It looks like it's been declared so that it accepts no parameters. Not quite. It's going to be called with either two parameters (operand, operator) for a unary operator, or three parameters (operand1, operand2, operator) for a binary operator. To get around this in C#, we'd have to either write overloaded methods or use parameter arrays, but in JavaScript we're merely going to use the arguments array and copy it to a local variable called expr. Later on, in the evaluate method, we're going to evaluate each argument in sequence as I discussed above and we'll use the copied arguments array provided by the closure.

Parsing functions

We're now ready for some parsing action.

    // parse a binary operator (either the adds or the multiplys)
    var parseOperator = function(ops) {
        skipWhite();
        if ((ch === ops[0]) || (ch === ops[1])) {
            var op = operator[ch];
            advance();
            return op;
        }
        return null;
    };

This method parses a binary operator. The operators come in pairs (plus/minus and multiply/divide) so I wrote a generic method that gets passes a two-element array containing the operator characters in question. Notice that now the parsing functions are returning an RPN expression and not one of the success/fail result objects (they're gone, toast). If there's a failure we just pass back null.

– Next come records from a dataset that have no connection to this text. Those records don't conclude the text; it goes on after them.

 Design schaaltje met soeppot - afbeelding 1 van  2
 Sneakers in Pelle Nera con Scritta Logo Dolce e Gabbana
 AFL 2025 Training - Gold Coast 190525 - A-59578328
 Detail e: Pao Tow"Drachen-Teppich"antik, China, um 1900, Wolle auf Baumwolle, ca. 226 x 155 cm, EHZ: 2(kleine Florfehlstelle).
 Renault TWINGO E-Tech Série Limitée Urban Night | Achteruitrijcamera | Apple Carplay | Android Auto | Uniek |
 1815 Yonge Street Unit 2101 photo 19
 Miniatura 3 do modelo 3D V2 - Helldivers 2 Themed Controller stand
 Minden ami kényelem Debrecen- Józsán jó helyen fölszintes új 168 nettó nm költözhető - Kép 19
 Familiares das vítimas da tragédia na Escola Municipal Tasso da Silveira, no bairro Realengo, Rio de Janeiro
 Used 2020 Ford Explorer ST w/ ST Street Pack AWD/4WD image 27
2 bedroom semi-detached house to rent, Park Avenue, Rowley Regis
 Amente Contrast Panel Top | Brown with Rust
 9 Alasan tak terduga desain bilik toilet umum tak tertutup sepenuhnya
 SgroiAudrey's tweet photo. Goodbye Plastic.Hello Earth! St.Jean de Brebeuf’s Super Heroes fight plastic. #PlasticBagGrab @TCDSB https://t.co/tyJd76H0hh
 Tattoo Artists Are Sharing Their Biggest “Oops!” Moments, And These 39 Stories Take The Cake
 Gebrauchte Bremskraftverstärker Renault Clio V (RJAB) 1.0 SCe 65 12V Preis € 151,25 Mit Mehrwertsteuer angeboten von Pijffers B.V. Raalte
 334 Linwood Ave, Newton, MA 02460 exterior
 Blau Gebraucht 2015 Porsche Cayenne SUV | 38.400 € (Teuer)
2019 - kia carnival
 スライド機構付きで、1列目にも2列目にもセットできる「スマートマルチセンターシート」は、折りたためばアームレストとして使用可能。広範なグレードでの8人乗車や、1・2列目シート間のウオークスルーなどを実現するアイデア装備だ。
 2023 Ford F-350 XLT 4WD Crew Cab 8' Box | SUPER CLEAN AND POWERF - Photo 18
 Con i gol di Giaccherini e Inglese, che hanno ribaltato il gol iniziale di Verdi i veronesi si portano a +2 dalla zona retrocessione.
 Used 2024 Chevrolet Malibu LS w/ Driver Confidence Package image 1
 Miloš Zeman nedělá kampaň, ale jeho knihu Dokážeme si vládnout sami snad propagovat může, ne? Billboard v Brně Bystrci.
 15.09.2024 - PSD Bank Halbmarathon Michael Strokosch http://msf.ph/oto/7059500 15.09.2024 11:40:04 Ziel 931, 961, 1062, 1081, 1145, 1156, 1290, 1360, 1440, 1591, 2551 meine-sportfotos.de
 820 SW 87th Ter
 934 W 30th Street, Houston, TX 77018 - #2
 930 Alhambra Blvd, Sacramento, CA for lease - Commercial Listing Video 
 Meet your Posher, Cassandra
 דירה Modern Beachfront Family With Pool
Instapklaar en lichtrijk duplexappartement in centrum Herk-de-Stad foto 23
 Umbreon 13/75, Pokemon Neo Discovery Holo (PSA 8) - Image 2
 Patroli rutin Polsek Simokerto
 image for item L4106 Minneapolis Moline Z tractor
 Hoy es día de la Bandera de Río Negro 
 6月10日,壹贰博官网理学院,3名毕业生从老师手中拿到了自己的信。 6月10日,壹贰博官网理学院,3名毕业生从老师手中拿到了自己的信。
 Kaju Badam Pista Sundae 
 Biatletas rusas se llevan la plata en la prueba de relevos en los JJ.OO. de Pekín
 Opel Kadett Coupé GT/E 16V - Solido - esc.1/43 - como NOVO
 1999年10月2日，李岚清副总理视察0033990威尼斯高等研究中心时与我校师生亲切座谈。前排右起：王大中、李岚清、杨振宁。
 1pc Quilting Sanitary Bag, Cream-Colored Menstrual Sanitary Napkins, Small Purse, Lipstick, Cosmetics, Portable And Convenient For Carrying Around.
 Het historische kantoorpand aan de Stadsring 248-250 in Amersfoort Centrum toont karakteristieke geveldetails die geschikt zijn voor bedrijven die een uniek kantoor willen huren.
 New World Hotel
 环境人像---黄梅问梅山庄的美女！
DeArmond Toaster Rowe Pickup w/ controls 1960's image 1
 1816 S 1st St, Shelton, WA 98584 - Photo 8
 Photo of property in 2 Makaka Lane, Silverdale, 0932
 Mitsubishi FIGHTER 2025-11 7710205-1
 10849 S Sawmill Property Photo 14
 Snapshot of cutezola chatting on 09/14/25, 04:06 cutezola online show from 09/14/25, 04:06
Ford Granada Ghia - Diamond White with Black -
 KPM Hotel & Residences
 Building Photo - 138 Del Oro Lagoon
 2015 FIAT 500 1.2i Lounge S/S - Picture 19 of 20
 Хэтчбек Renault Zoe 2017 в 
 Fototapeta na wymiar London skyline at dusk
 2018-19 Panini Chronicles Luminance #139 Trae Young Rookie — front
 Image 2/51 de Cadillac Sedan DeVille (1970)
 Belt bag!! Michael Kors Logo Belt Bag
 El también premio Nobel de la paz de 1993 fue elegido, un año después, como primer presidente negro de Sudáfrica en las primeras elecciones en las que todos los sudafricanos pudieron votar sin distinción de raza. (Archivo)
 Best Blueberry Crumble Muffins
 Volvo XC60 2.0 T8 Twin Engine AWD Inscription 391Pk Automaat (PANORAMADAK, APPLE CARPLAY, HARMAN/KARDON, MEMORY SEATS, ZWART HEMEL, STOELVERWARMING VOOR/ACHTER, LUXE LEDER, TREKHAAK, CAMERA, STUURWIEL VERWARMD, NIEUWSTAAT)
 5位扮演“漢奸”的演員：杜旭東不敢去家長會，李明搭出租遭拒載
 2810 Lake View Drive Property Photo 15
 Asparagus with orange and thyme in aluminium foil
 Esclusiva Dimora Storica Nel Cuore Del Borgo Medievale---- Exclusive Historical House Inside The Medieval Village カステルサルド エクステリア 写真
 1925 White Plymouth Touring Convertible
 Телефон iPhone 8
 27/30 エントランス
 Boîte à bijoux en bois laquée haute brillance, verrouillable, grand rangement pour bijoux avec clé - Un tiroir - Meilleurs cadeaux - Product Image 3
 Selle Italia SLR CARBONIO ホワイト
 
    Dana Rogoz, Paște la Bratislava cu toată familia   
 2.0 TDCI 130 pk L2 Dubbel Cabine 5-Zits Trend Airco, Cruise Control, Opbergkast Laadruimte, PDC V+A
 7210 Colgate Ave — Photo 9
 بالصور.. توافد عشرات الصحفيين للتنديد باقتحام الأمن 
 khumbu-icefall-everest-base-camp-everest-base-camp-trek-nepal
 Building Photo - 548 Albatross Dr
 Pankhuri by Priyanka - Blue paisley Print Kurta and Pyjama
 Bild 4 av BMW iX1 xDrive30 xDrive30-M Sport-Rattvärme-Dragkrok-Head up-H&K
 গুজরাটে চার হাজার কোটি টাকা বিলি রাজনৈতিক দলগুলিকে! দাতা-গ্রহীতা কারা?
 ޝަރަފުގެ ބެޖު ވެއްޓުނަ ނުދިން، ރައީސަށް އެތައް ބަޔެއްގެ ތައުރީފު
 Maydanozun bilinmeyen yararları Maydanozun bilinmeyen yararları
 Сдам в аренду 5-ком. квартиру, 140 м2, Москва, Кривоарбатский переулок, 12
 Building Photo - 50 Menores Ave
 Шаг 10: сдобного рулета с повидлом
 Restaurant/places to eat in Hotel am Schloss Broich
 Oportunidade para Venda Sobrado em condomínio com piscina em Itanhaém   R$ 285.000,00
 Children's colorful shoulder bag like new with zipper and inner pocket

Next up is parsing a parenthesized expression:

    // parse a parenthesized expression
    var parseParens = function() {
        advance();

        var result = parseExpression();
        if (!result) { return null; }

        skipWhite();
        if (ch !== ')') { return null; } // missing right paren
        advance();

        return result;
    };

It is assumed here that the function will be called with the state machine already positioned on the opening parenthesis (which is how it's done in the only place it's called), so we can just move past it. This function also has an identifiable error: the missing right parenthesis. Later on, we can hook up an error function here to report that back to the caller of the expression evaluator, but for now we'll just note it as a comment.

Parsing a number:

    // parse a number
    var parseNumber = function() {
        var value = '';
        while (('0' <= ch) && (ch <= '9')) {
            value += ch;
            advance();
        }

        if (ch === '.') {
            value += '.';
            advance();
            while (('0' <= ch) && (ch <= '9')) {
                value += ch;
                advance();
            }
        }

        if (!value) { return null; } // number missing
        var number = +value; // force conversion to number type
        if (isNaN(number)) { return null; } // invalid number
        return makeNumber(number);
    };

Again we have a couple of identifiable errors (a number is expected but is missing, a number couldn't be converted from the string); again points at which we can add an error function.

Parsing a factor:

    // parse a factor (either expression in parentheses or number)
    var parseFactor = function() {
        skipWhite();
        if (ch === '(') { return parseParens(); }
        return parseNumber();
    };

As you can see, when parseParens is called, the state machine is pointing at the open parenthesis.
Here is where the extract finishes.